## Scraped caption text data
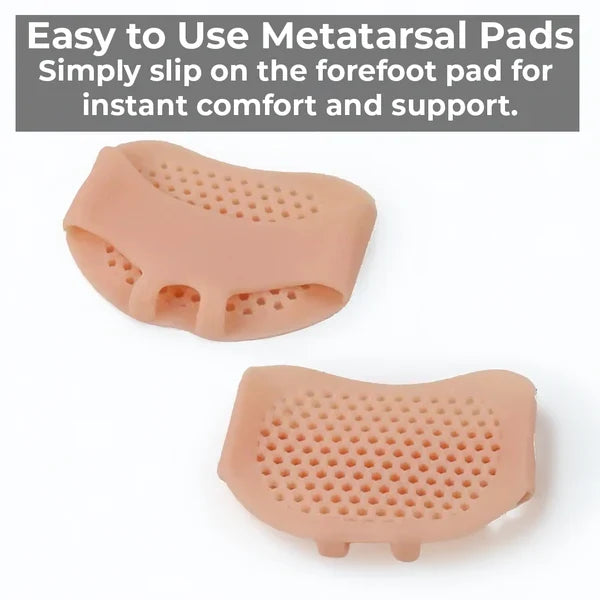 Ergonomic unisex breathable gel metatarsal pads, ideal for forefoot pain relief & active use.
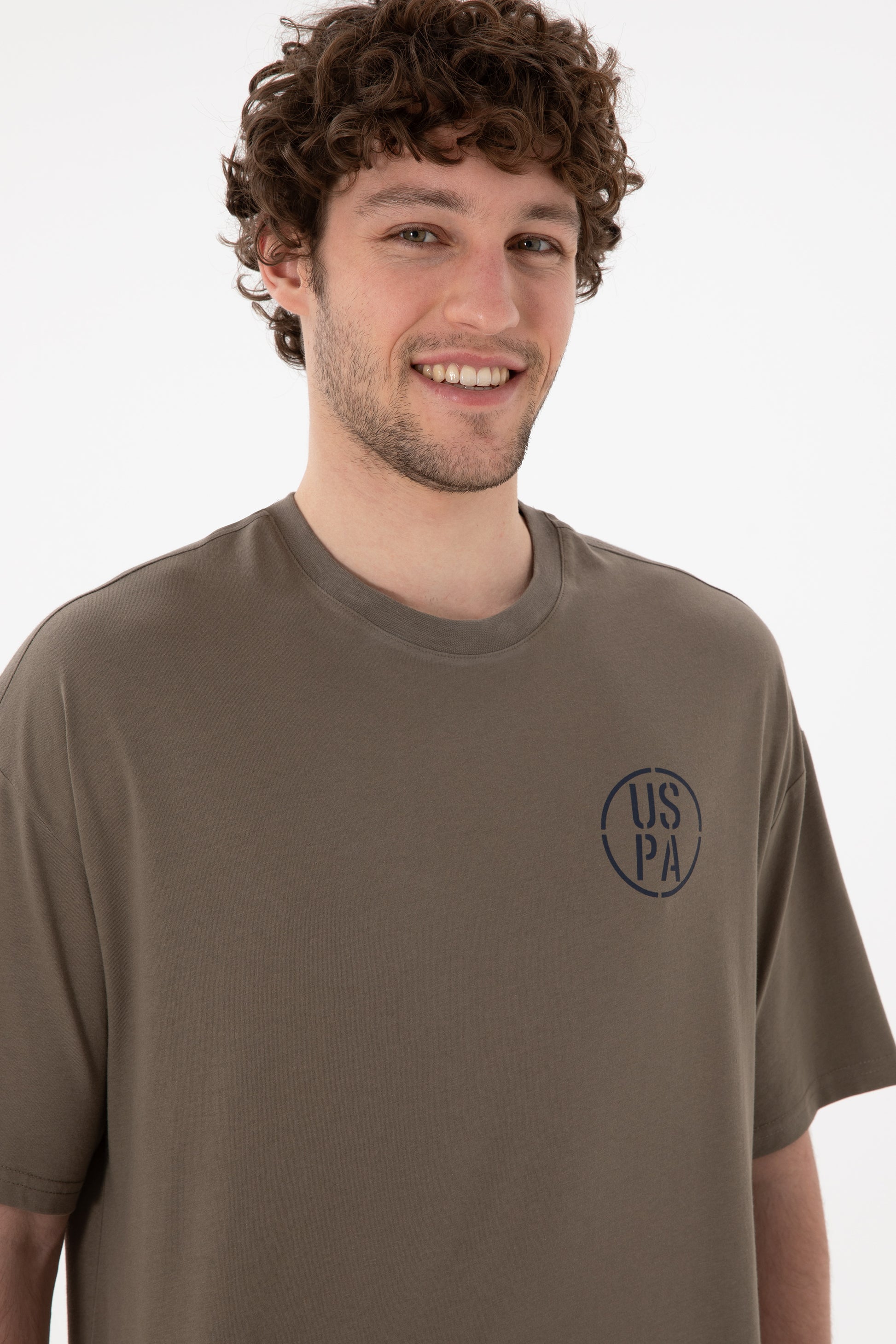 Men's Oversize Fit Crew Neck Mink T-Shirt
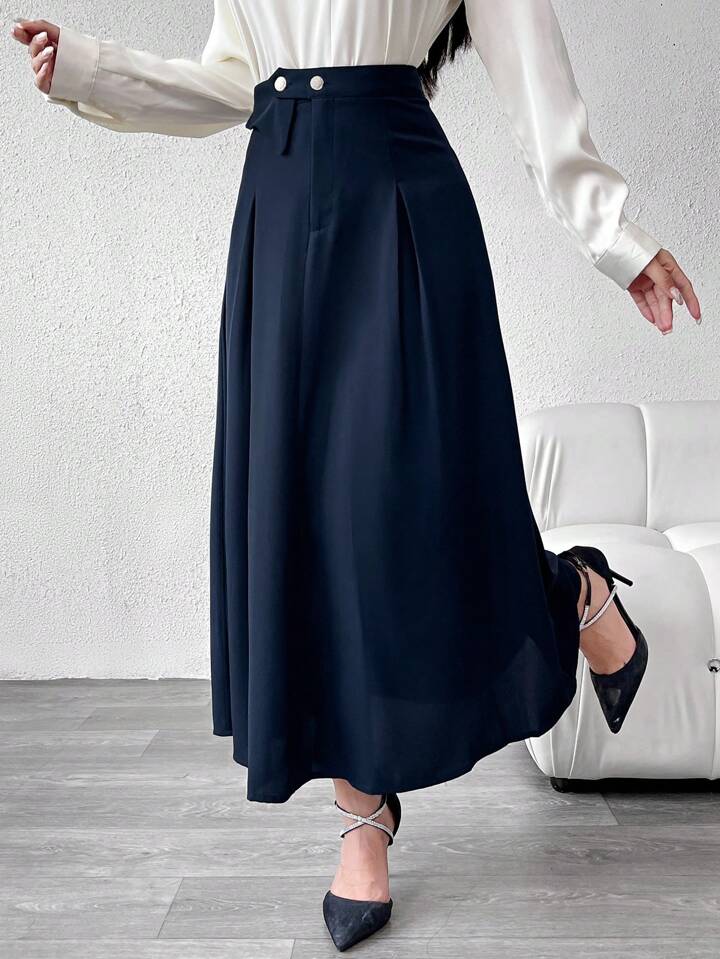 CM-BS522366 Women Elegant Seoul Style Button Decor Flared Hem A-Line Skirt - Navy Blue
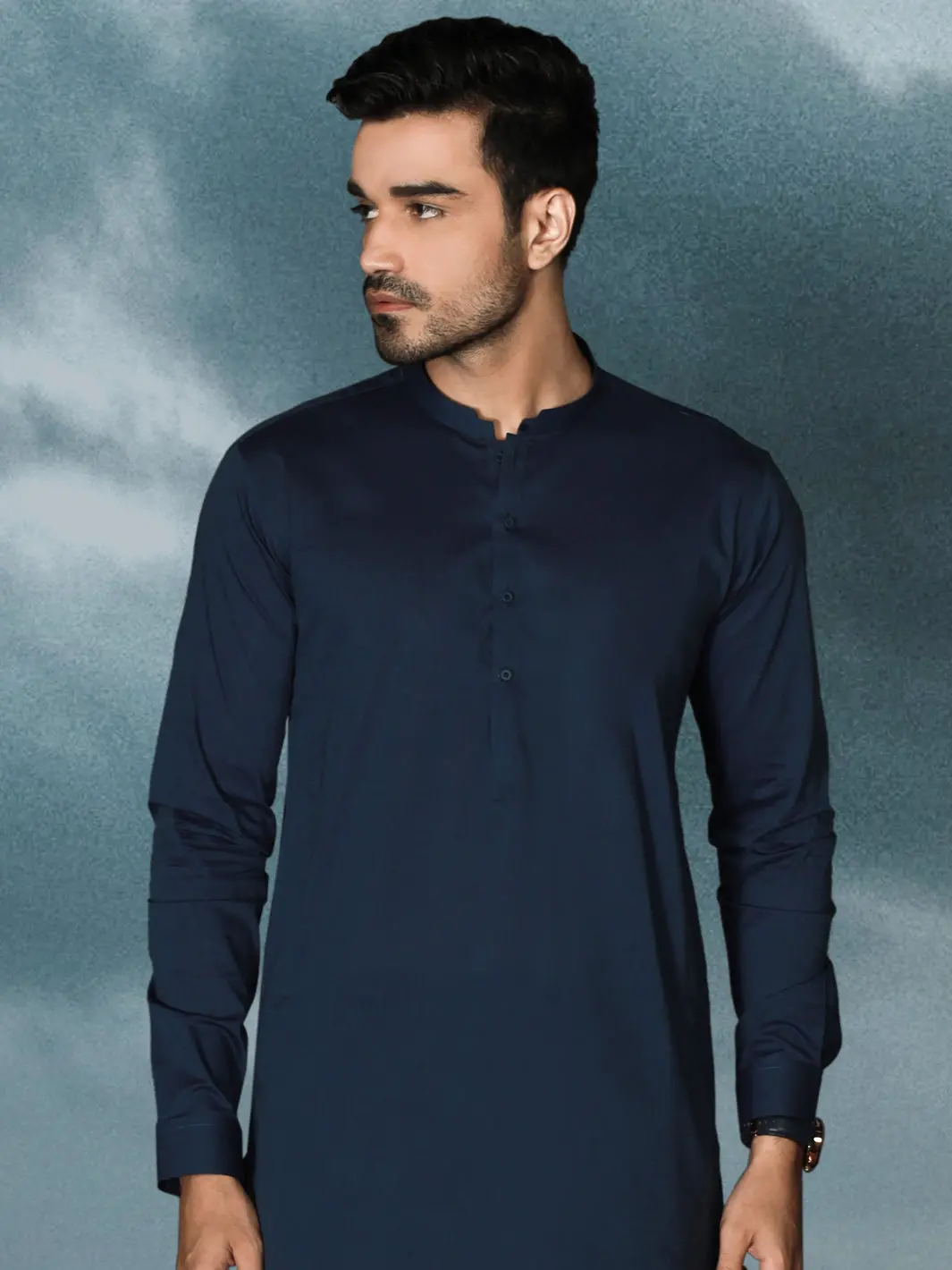 Dark Blue Cotton Men Unstitched Fabric - Al-Maharaja-22 2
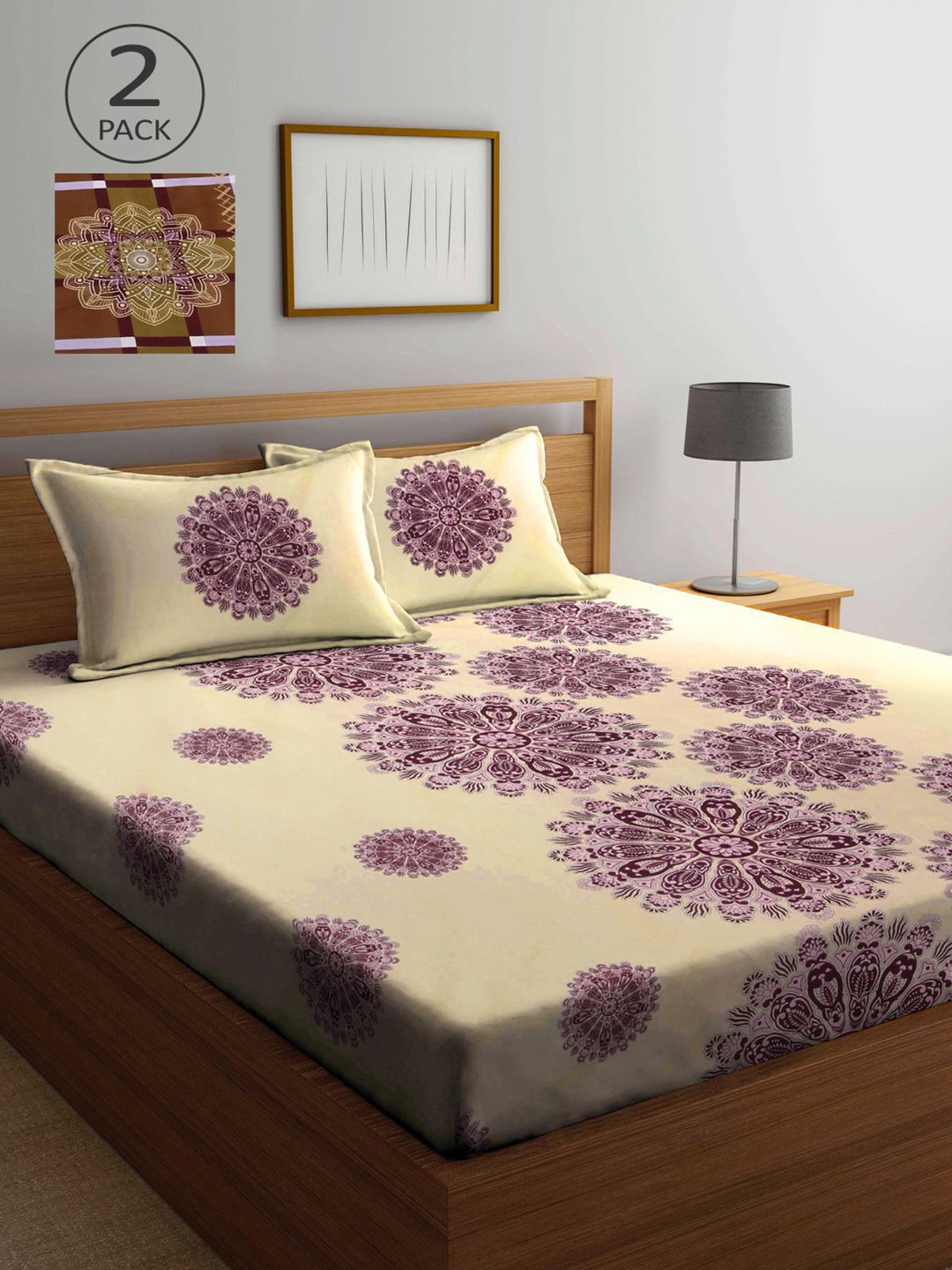 

KLOTTHE Multicoloured Geometric 210 TC 2 King Bedsheet with 4 Pillow Covers, Multi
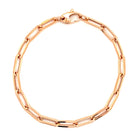 14K Gold Paper Clip Link Chain Bracelet M / 7" / Rose Gold Izakov Diamonds + Fine Jewelry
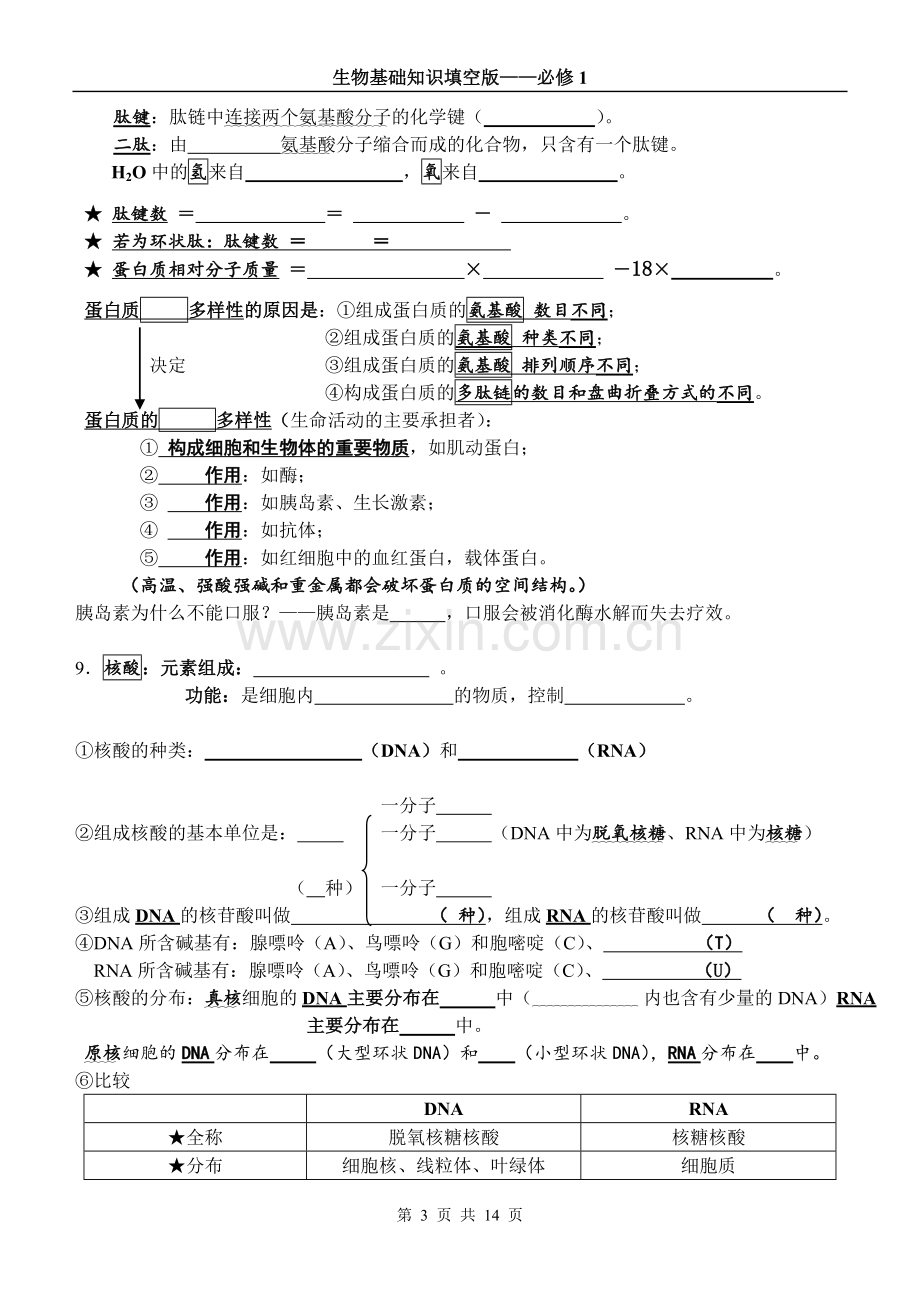 高中生物必修1基础知识填空版培训资料.doc_第3页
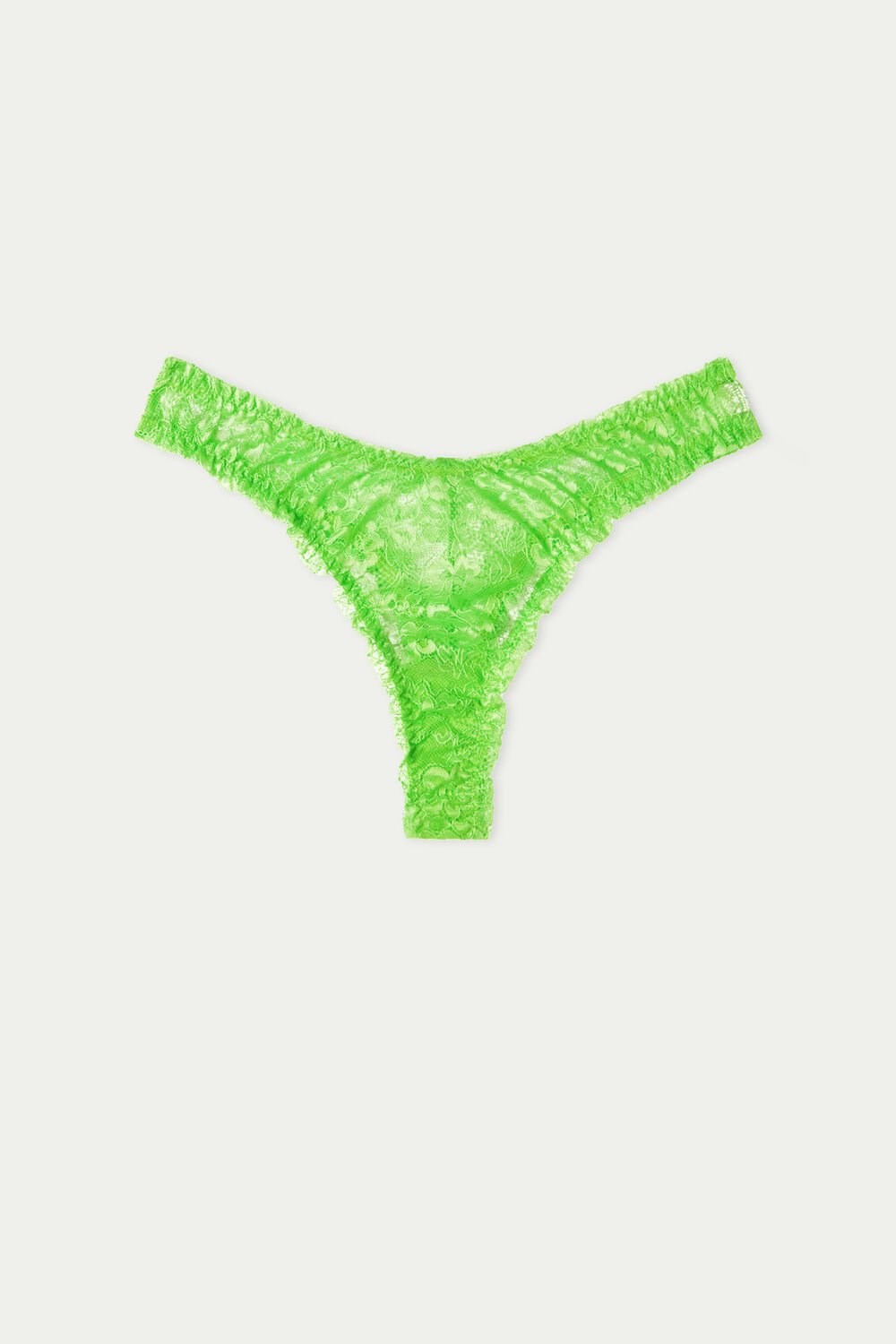 Green Apple Green 308v Tezenis High-Cut Gathered Lace Brazilian Panties | 897546-VMQ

## WHAT IS EXPECTED
Nothing but the lines from the line containing "Dark Blue Cotton" through the end of the records belongs in the answer, written out exactly, both ends included, without pictures.

## EXERCISE SOLUTION
 Dark Blue Cotton Men Unstitched Fabric - Al-Maharaja-22 2

KLOTTHE Multicoloured Geometric 210 TC 2 King Bedsheet with 4 Pillow Covers, Multi
 14K Gold Paper Clip Link Chain Bracelet M / 7" / Rose Gold Izakov Diamonds + Fine Jewelry
 高中生物必修1基础知识填空版培训资料.doc_第3页
 Green Apple Green 308v Tezenis High-Cut Gathered Lace Brazilian Panties | 897546-VMQ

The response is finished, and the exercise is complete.